I’m not saying anything new when I say we in the west have become a culture of ‘entitlement’. Simply because we want something, we should have it; and we should have it when we want it and how we want it. When things don’t work out the way we want them, we hear the cry of, ‘you can’t do this to me, I’m a —-‘( and enter your culture, nationality, position, rank etc. here). Our convenience, our comfort, and our entertainment is paramount – whatever is happening to others or being suffered in other places is secondary. We are entitled to the good life because we are used to the good life; whether we’ve worked for it or not, we deserve it (at least that’s the constant message we hear from the media). This sense of entitlement appears to be the majority opinion.
Our Gospel today picks up where it left off last Sunday. Last week ended with Jesus quoting Isaiah that the Messiah would bring good news to the poor and the oppressed, and that He was the fulfillment of that prophecy. This week, we hear the rest of that story, as the passage begins with Jesus’ Messianic claim, and the response of those receiving that message.
The majority in the synagogue in Nazareth appears to have agreed on the traditional view of the Messiah; a religious, political and military ruler for Israel, who would lead Israel out of oppression, and through a display of power, place Israel above the other nations. The Messiah was for Israel and Israel alone. Israel was ‘entitled’ to the Messiah, through no effort on Israel’s part. God was their personal property.
Imagine that view compounded in this setting by the suggestion that, if Jesus is the Messiah, and he is from Nazareth, then Nazareth holds a special position – ‘the hometown of the Messiah’ if you will. Those in the synagogue of Nazareth, for a few moments, might have considered themselves the most entitled of all!
But Jesus makes it quite clear the majority opinion is not God’s opinion; that the popular vote has nothing to do with how God works and moves and acts among us; that the Messiah is come for all people, not just Israel. He uses two examples – one of Elijah ministering to a gentile widow, and the other of Elisha healing a Syrian soldier – and by the examples he uses, Jesus tells the people in the synagogue that even the ‘enemies’ of Israel, and the Gentiles, are included in the Kingdom of God; that no one has a privileged claim; that no one is ‘entitled’ to the Kingdom just because they think they should have it.

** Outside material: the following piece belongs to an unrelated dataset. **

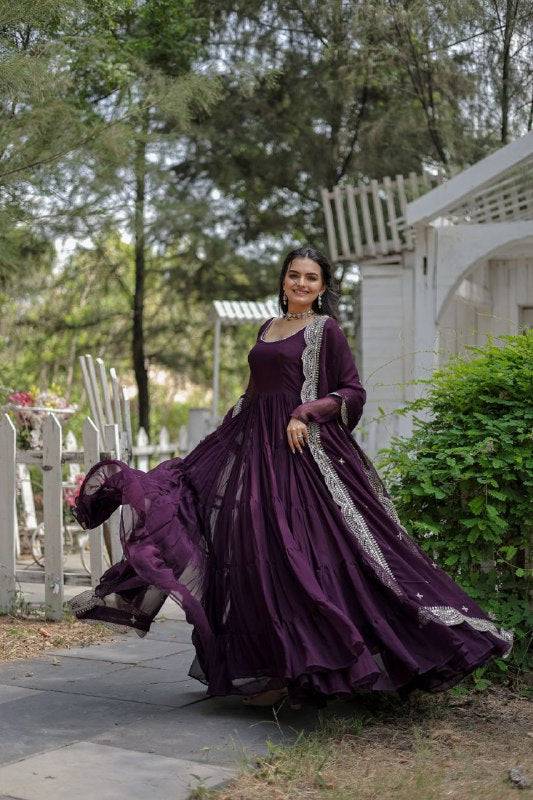 Delightful Faux Georgette 15 Meter Flared Fully Stitched Ruffle Gown - INDIAN ELEGANCE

God does not rule by popular vote; God does not move and act based on human wisdom. God does not submit to majority opinion.
And we see the reaction to Jesus making this point; in six short verses, the atmosphere changes from ‘all spoke well of him‘ to being filled with rage to the point of wanting to kill him.
We see this repeated often enough in the accounts of Jesus’ life; people like hearing his message of love and the kingdom – but as soon as his message is different from what they expect or what the majority wants, the crowds turn on him. Think of the bread of life discourse in John’s gospel when he says ‘eat my flesh’ and everyone except the apostles stop following him because his teaching is ‘too hard’. Think of the passion story, when he is welcomed as a hero into Jerusalem, and then less than a week later he is handed over to be crucified. As soon as Jesus’ teaching challenges people, they become hostile.
This same theme plays itself out today; when people say ,’why doesn’t the Church just get with the times?’, they are really saying ‘why doesn’t the Church change her teaching to suit my lifestyle, instead of the other way around.’ Everyone loves to hear the Church speak about love (as in our second reading, the most popular wedding reading by far from 1st Corinthians. They forget that at the center of the writing about ‘love’ that it states that love ‘does not seek its own interests‘). But as soon as the Church, living out her mission, speaks on how to express that love, by following the Commandments and the Gospel; in her teaching on abortion, euthanasia, marriage, family, on social justice, the sacraments; in all of these and so much more, the Church always runs up against ‘modern thought’ or ‘popular opinion’ and is just as vilified and rejected by followers of ‘human wisdom’ as Jesus was in that synagogue in Nazareth.
As followers of Christ, we shouldn’t concern ourselves with popular opinion or human wisdom when it comes to our relationship with God and with each other. The only view that matters is God’s; and rather than assuming His love is our property or entitlement, perhaps we should turn that view around.
We should be seeing our love for God as His property, His entitlement; asking God how we can grow closer to Him, rather than giving our list of demands.
With that view, we can’t help but surrender to God. We can’t help but experience His love. We can truly live that love described in that first letter to the Corinthians; we too will bear all things, believe all things, hope all things, and endure all things for God and each other.
Because His love is not an entitlement.
It’s a gift.
Praised be Jesus Christ, now and forever!